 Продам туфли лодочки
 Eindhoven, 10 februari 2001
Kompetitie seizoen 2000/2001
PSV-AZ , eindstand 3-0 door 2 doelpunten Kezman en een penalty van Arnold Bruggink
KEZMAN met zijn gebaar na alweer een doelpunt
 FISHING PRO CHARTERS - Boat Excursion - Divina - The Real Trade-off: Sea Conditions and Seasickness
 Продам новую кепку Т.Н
--
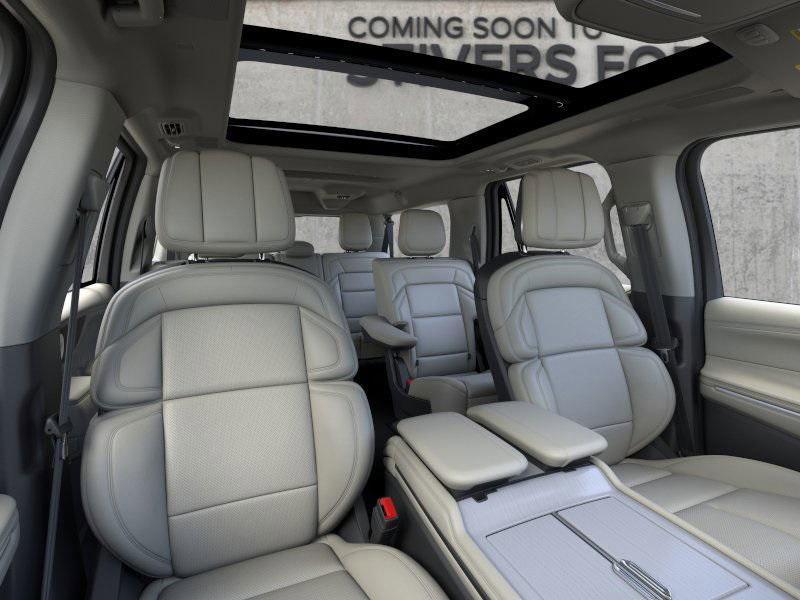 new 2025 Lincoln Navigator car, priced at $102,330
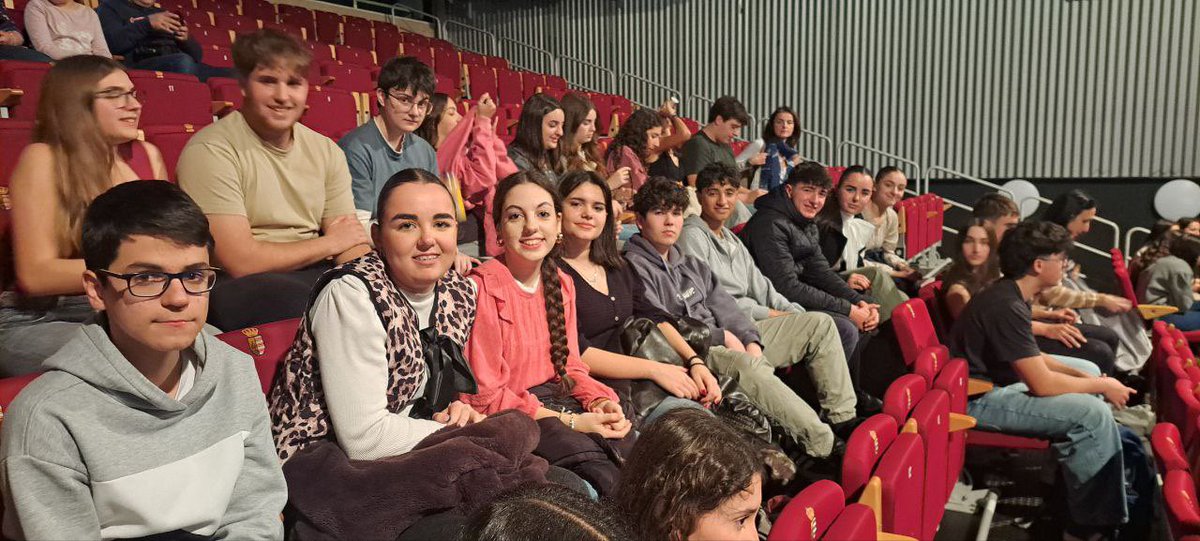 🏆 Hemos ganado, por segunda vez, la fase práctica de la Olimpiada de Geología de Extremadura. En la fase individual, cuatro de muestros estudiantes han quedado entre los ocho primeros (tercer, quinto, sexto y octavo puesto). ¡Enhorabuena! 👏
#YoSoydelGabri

Aim of the task:
Return, unchanged, the run of lines above that opens with the line containing "Продам туфли лодочки" and closes with the line containing "Продам новую кепку Т.Н". Include both.

Problem solution:
 Продам туфли лодочки
 Eindhoven, 10 februari 2001
Kompetitie seizoen 2000/2001
PSV-AZ , eindstand 3-0 door 2 doelpunten Kezman en een penalty van Arnold Bruggink
KEZMAN met zijn gebaar na alweer een doelpunt
 FISHING PRO CHARTERS - Boat Excursion - Divina - The Real Trade-off: Sea Conditions and Seasickness
 Продам новую кепку Т.Н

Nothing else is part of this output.